Problem: Beneath this task are records; print exactly the stretch of them from the line with "Studio Classic Double Bed" through the line with "BMW 118i Sport Line 100 kW image number 18", both ends included.

[Records from a data collection]
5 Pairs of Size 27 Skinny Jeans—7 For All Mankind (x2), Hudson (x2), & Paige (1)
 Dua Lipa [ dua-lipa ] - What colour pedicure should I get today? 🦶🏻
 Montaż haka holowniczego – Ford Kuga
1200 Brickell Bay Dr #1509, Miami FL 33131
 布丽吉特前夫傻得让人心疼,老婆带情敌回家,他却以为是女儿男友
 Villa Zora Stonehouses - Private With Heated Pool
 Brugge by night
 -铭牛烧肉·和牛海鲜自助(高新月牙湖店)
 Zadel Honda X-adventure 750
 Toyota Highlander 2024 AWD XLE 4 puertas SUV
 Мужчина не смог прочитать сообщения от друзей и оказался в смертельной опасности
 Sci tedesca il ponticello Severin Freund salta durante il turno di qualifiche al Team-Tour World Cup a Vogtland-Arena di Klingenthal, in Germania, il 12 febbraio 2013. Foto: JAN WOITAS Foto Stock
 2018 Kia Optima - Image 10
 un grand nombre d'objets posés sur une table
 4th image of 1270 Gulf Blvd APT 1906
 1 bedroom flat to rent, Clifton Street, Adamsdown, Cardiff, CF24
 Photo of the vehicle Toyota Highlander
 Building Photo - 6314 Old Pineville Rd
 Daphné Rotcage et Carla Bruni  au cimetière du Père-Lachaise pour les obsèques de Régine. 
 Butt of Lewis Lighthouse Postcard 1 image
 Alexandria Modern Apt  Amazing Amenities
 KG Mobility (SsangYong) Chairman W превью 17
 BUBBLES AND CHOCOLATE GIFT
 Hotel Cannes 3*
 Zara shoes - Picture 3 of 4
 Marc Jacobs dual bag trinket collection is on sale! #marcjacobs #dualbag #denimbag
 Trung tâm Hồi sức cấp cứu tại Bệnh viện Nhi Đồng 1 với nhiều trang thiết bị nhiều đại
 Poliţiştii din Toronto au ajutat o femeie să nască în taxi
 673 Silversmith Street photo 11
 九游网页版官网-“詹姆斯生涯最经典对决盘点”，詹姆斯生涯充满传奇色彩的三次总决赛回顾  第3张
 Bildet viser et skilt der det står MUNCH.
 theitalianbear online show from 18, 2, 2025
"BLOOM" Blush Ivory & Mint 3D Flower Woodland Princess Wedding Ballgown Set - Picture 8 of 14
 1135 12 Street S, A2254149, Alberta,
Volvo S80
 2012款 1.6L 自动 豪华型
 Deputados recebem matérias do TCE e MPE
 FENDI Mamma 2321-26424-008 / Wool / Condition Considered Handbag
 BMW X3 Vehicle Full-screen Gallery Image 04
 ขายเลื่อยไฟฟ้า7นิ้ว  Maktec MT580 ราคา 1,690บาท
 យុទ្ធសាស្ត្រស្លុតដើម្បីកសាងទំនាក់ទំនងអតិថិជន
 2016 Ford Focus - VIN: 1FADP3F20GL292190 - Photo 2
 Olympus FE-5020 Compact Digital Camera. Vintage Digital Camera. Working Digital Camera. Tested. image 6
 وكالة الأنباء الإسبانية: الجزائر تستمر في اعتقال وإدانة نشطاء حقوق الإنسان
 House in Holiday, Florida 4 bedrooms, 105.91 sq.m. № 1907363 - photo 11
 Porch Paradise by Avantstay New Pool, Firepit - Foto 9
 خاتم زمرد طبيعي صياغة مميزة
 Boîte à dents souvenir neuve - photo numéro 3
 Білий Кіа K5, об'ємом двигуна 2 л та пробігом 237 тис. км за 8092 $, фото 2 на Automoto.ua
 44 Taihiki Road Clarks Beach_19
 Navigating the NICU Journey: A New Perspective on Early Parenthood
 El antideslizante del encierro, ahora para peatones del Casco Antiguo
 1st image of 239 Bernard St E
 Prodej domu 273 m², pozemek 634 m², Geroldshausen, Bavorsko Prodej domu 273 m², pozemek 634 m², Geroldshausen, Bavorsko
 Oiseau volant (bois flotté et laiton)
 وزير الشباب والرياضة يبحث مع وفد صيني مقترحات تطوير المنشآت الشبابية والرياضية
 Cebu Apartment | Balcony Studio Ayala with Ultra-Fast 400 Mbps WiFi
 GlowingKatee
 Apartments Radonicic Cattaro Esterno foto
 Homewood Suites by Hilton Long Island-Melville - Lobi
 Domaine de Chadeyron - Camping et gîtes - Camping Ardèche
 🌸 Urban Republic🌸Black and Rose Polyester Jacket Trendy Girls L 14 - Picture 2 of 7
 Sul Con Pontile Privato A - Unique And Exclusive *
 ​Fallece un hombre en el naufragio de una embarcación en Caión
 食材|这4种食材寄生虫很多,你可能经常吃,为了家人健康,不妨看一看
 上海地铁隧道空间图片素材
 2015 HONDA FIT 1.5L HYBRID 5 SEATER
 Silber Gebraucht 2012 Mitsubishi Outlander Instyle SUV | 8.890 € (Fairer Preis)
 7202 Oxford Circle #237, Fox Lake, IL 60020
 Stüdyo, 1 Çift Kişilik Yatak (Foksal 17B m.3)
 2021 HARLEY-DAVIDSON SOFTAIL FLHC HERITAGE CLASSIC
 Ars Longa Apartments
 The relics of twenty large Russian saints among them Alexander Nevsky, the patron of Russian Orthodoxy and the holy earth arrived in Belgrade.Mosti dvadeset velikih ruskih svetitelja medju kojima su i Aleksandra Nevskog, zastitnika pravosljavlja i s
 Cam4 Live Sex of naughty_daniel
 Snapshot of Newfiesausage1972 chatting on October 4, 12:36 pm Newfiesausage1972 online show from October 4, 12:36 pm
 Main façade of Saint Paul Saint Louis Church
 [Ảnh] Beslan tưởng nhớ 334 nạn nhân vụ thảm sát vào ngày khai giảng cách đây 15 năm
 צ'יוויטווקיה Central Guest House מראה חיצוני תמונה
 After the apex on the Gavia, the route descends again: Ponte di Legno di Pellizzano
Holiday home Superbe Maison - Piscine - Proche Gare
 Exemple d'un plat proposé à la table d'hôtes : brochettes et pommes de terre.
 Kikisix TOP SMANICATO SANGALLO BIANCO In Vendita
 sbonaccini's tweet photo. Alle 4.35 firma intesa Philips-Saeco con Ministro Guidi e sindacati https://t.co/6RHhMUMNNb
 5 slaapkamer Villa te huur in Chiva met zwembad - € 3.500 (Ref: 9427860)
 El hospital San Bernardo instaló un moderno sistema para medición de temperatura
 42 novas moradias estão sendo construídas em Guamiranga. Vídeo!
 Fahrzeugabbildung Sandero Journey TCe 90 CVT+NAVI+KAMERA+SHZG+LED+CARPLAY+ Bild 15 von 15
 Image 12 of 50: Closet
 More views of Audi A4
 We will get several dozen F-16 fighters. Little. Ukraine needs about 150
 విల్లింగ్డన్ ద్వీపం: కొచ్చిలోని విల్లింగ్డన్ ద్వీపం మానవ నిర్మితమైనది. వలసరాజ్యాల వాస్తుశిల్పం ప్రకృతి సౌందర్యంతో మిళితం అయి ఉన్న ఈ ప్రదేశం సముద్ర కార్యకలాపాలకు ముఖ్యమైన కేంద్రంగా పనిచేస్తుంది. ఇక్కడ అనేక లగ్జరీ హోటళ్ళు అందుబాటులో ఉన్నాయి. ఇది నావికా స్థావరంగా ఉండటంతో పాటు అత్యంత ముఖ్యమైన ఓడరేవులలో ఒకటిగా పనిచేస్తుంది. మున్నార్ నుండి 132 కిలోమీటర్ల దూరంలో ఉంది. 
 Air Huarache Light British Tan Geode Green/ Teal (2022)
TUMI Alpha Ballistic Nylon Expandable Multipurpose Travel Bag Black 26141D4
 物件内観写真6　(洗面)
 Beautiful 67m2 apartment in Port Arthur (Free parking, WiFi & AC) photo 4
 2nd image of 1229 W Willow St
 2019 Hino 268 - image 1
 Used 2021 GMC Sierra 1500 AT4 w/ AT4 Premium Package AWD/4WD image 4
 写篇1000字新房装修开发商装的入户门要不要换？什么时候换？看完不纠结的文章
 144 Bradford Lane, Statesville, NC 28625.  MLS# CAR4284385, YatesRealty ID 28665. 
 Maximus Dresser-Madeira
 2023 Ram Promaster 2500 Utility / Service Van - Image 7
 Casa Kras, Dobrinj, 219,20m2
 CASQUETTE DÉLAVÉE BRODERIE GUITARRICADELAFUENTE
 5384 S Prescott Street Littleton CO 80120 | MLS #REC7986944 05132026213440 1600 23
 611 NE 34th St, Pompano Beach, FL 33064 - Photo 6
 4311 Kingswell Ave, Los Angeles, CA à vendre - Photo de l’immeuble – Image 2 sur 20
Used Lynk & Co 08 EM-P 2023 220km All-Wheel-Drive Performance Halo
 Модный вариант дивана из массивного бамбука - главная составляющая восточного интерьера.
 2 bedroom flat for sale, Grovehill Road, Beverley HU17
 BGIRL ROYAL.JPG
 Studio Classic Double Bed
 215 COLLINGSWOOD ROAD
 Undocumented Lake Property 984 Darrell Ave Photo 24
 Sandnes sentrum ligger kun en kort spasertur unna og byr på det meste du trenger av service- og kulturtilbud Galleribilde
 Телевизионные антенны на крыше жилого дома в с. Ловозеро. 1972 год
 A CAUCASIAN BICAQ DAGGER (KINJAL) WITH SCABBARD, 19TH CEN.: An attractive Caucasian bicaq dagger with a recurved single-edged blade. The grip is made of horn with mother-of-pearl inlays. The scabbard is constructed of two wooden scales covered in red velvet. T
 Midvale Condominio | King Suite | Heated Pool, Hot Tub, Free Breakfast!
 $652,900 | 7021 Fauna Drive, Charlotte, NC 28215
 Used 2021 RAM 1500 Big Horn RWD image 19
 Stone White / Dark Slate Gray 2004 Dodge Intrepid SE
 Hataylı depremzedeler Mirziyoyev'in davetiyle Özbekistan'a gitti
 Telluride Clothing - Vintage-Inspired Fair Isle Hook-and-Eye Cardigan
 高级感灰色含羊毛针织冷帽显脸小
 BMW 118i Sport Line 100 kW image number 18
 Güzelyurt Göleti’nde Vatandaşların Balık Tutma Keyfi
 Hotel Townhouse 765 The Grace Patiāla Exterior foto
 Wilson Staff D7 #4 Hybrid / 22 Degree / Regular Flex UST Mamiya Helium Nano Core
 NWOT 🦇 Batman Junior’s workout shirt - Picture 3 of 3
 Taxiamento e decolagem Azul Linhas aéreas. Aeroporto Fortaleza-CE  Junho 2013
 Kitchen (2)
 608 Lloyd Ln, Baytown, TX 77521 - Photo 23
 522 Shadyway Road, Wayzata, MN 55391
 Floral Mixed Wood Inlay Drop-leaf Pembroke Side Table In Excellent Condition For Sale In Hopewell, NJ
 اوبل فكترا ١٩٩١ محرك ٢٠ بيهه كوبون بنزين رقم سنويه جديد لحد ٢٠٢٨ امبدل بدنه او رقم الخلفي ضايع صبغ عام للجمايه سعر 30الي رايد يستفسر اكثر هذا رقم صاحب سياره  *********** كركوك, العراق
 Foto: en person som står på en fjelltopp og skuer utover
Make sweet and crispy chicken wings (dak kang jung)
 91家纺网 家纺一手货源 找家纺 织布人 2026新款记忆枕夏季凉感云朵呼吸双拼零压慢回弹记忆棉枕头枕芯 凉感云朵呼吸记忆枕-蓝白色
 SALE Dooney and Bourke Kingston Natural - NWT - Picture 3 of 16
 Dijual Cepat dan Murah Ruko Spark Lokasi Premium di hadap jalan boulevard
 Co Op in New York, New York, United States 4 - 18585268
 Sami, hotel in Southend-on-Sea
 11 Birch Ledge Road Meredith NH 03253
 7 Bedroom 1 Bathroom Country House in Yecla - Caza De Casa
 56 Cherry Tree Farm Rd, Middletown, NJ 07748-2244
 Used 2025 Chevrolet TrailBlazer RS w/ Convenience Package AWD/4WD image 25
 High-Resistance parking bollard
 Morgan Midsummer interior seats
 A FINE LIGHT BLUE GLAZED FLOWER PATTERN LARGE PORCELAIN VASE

Exercise solution:
 Studio Classic Double Bed
 215 COLLINGSWOOD ROAD
 Undocumented Lake Property 984 Darrell Ave Photo 24
 Sandnes sentrum ligger kun en kort spasertur unna og byr på det meste du trenger av service- og kulturtilbud Galleribilde
 Телевизионные антенны на крыше жилого дома в с. Ловозеро. 1972 год
 A CAUCASIAN BICAQ DAGGER (KINJAL) WITH SCABBARD, 19TH CEN.: An attractive Caucasian bicaq dagger with a recurved single-edged blade. The grip is made of horn with mother-of-pearl inlays. The scabbard is constructed of two wooden scales covered in red velvet. T
 Midvale Condominio | King Suite | Heated Pool, Hot Tub, Free Breakfast!
 $652,900 | 7021 Fauna Drive, Charlotte, NC 28215
 Used 2021 RAM 1500 Big Horn RWD image 19
 Stone White / Dark Slate Gray 2004 Dodge Intrepid SE
 Hataylı depremzedeler Mirziyoyev'in davetiyle Özbekistan'a gitti
 Telluride Clothing - Vintage-Inspired Fair Isle Hook-and-Eye Cardigan
 高级感灰色含羊毛针织冷帽显脸小
 BMW 118i Sport Line 100 kW image number 18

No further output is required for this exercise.